Start of DATA SECTION
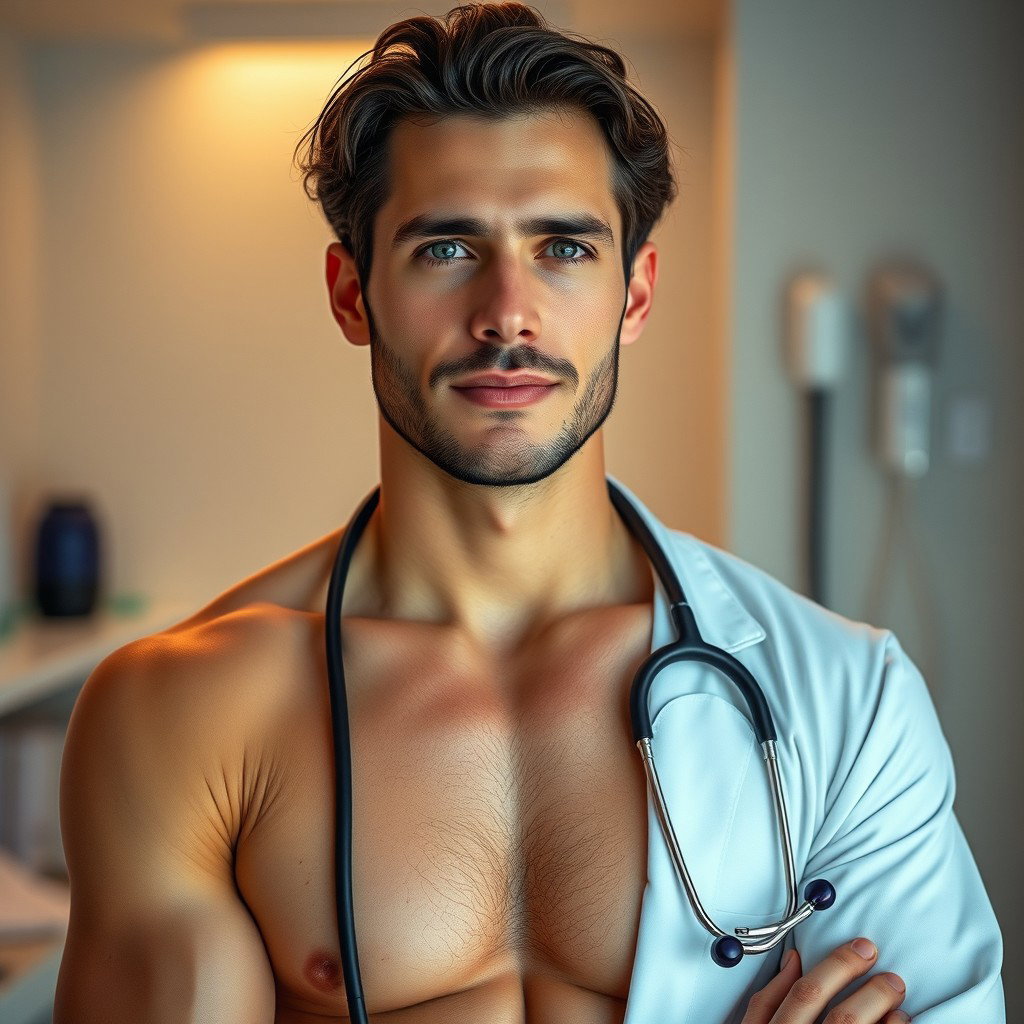 A captivating portrayal of a nude doctor named Marcus, who embodies intelligence and dedication in his role as a healer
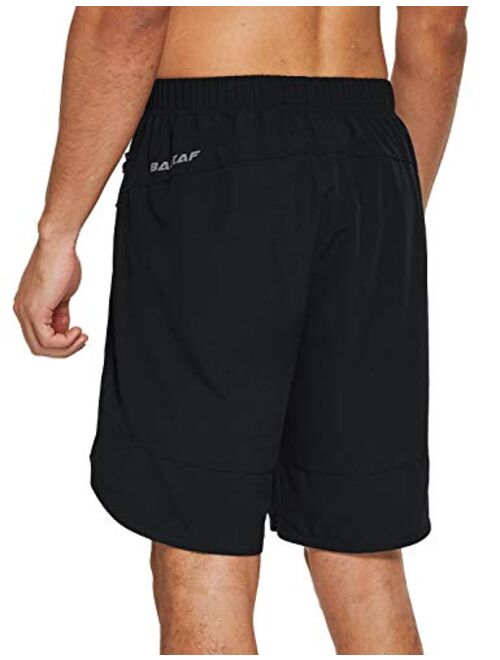 BALEAF Men's 8" Athletic Running Shorts Workout Quick Dry Zip Pockets Gym Short Unlined UPF 50+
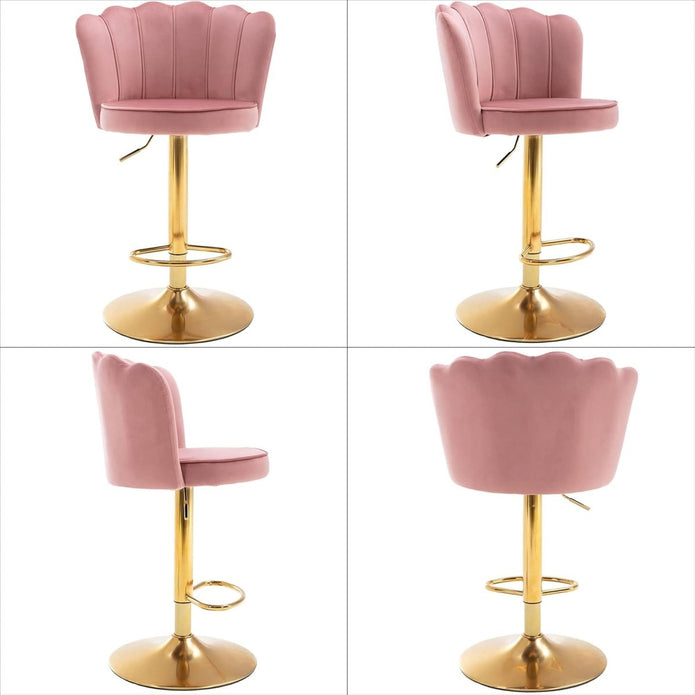 SERENITà 2 x Height Adjustable Counter Stool Swivel Bar Velvet Padded Golden Base - Pink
End of DATA SECTION
→ **WHAT THE TASK ASKS**: Leave the pictures out. Otherwise, output the listing above exactly.

→ **RESPONSE TO THIS TASK**:
 A captivating portrayal of a nude doctor named Marcus, who embodies intelligence and dedication in his role as a healer
 BALEAF Men's 8" Athletic Running Shorts Workout Quick Dry Zip Pockets Gym Short Unlined UPF 50+
 SERENITà 2 x Height Adjustable Counter Stool Swivel Bar Velvet Padded Golden Base - Pink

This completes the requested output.